__DATA TO USE__
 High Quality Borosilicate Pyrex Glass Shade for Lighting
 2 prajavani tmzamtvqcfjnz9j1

* * *

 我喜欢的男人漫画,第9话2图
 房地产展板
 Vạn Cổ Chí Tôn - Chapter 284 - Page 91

__WORK REQUIRED__
From the entries above, write out only the lines starting at the line that holds "High Quality Borosilicate" and ending at the line that holds "2 prajavani tmzamtvqcfjnz9j1", keeping both and matching them exactly.

__EXERCISE OUTPUT__
 High Quality Borosilicate Pyrex Glass Shade for Lighting
 2 prajavani tmzamtvqcfjnz9j1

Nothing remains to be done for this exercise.